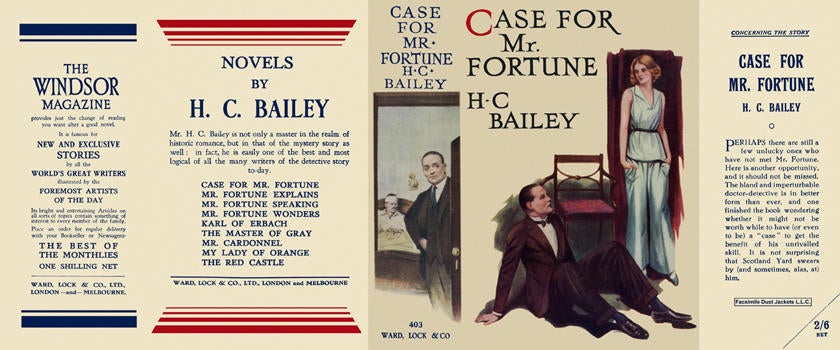 Item #134 Case for Mr. Fortune. H. C. Bailey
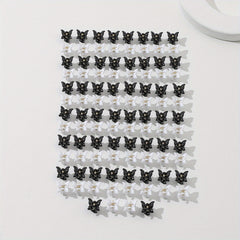 100pcs Mini Butterfly Shaped Hair Claw for Women Girls Baby Toddlers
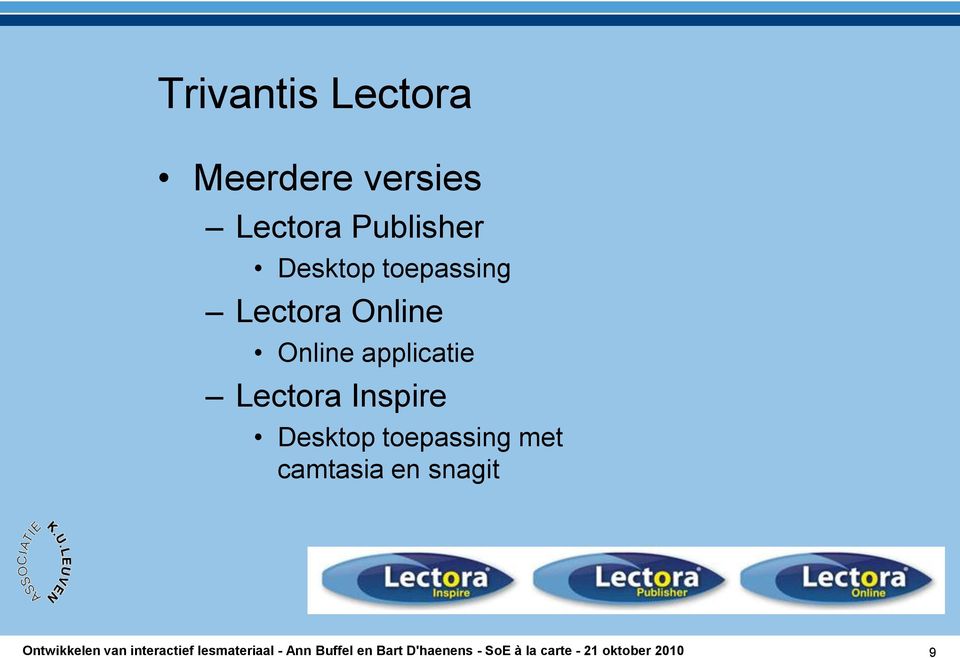 Lectora Online Online applicatie Lectora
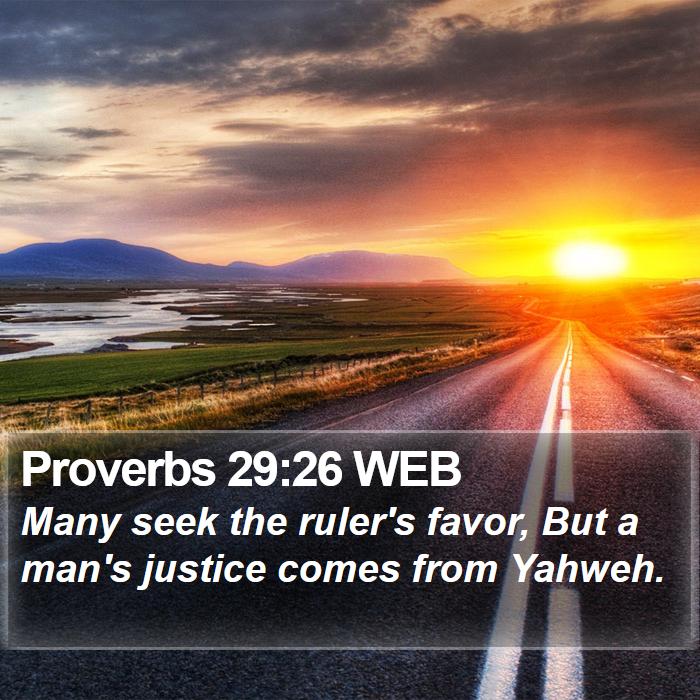 Proverbs 29:26 WEB Bible Study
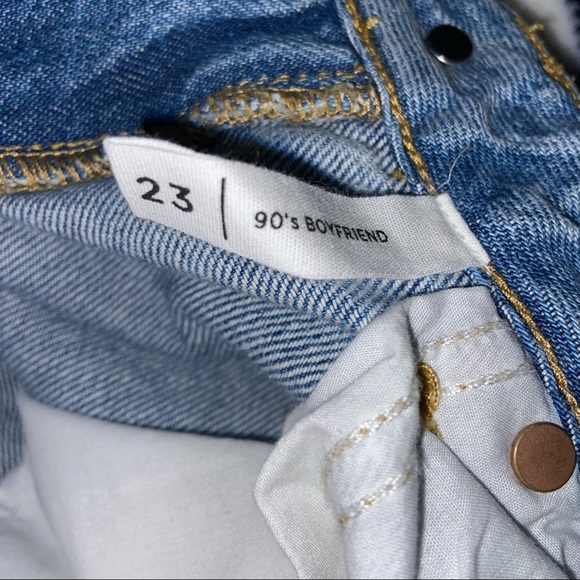 PacSun Light Blue Distressed 90s Boyfriend Jeans - Picture 3 of 4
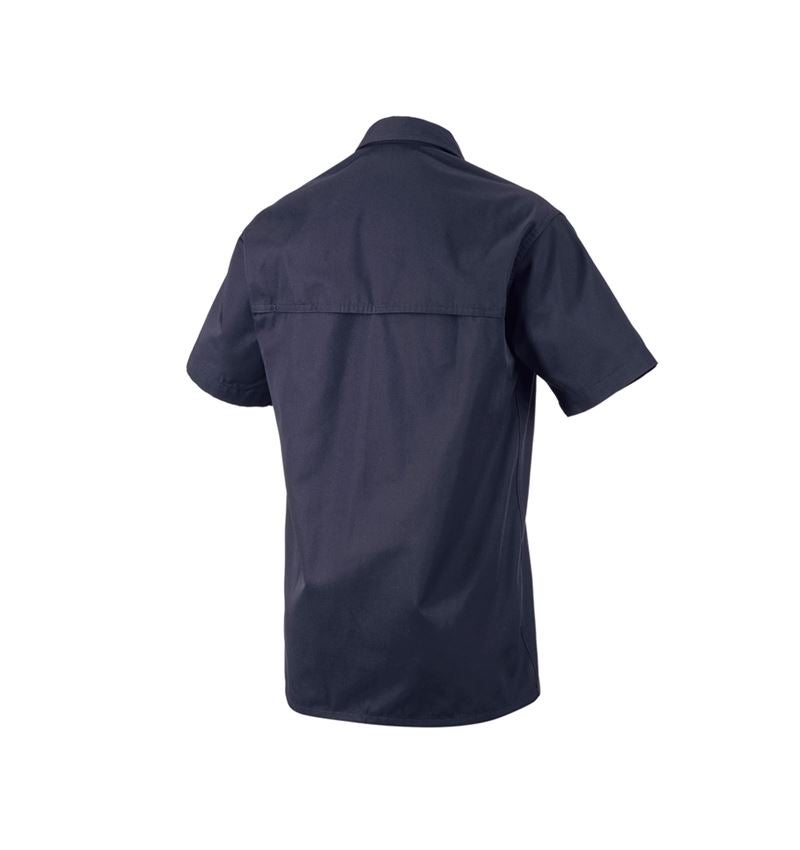 T-Shirts, Pullover & Skjorter: Arbejdsskjorter e.s.classic, korte ærmer + mørkeblå 3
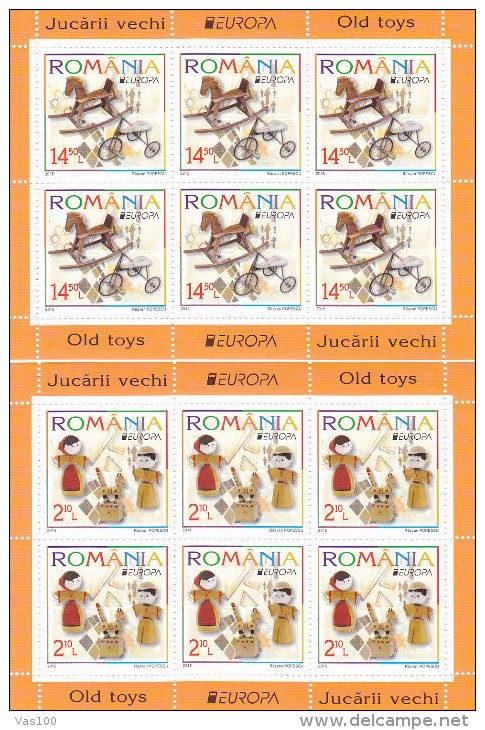 ROMANIA 2005-2015 MINISHEETS X6 STAMPS ,MNH **,EUROPA CEPT.PRICE FACE VALUE! - Collections
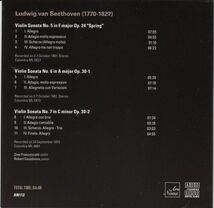[CD/Ars Nova]ベートーヴェン:ヴァイオリン・ソナタ第4-7番/Z.フランチェスカッティ(vn)&R.カサドシュ(p) 1950-1961_画像2
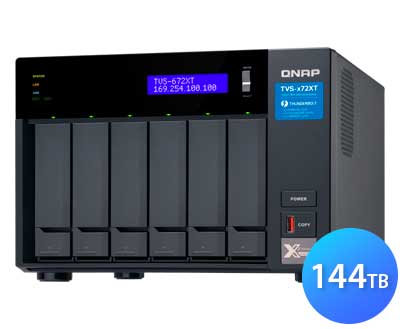 TVS-672XT Qnap, um NAS storage até 144TB Thunderbolt 3 e Ethernet 10GbE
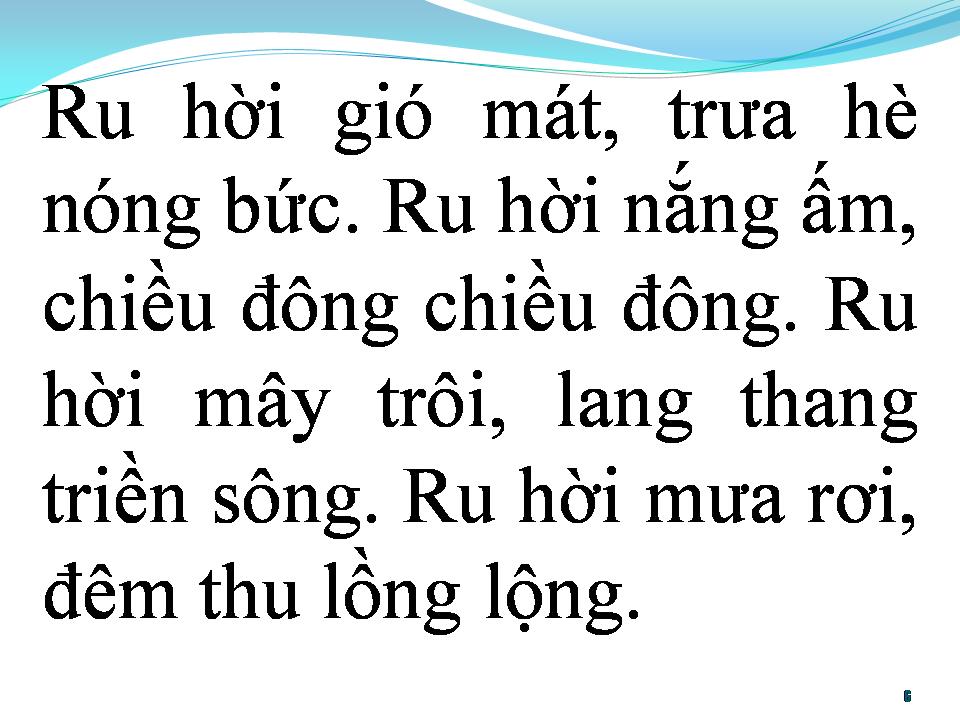 Lời bài hát BÀI HÁT RU CHO ANH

REQUIREMENT:
Copy the records shown above in their entirety and exactly; images are to be left out.

TASK SOLUTION:
 Item #134 Case for Mr. Fortune. H. C. Bailey
 100pcs Mini Butterfly Shaped Hair Claw for Women Girls Baby Toddlers
 Lectora Online Online applicatie Lectora
 Proverbs 29:26 WEB Bible Study
 PacSun Light Blue Distressed 90s Boyfriend Jeans - Picture 3 of 4
 T-Shirts, Pullover & Skjorter: Arbejdsskjorter e.s.classic, korte ærmer + mørkeblå 3
 ROMANIA 2005-2015 MINISHEETS X6 STAMPS ,MNH **,EUROPA CEPT.PRICE FACE VALUE! - Collections
[CD/Ars Nova]ベートーヴェン:ヴァイオリン・ソナタ第4-7番/Z.フランチェスカッティ(vn)&R.カサドシュ(p) 1950-1961_画像2
 TVS-672XT Qnap, um NAS storage até 144TB Thunderbolt 3 e Ethernet 10GbE
 Lời bài hát BÀI HÁT RU CHO ANH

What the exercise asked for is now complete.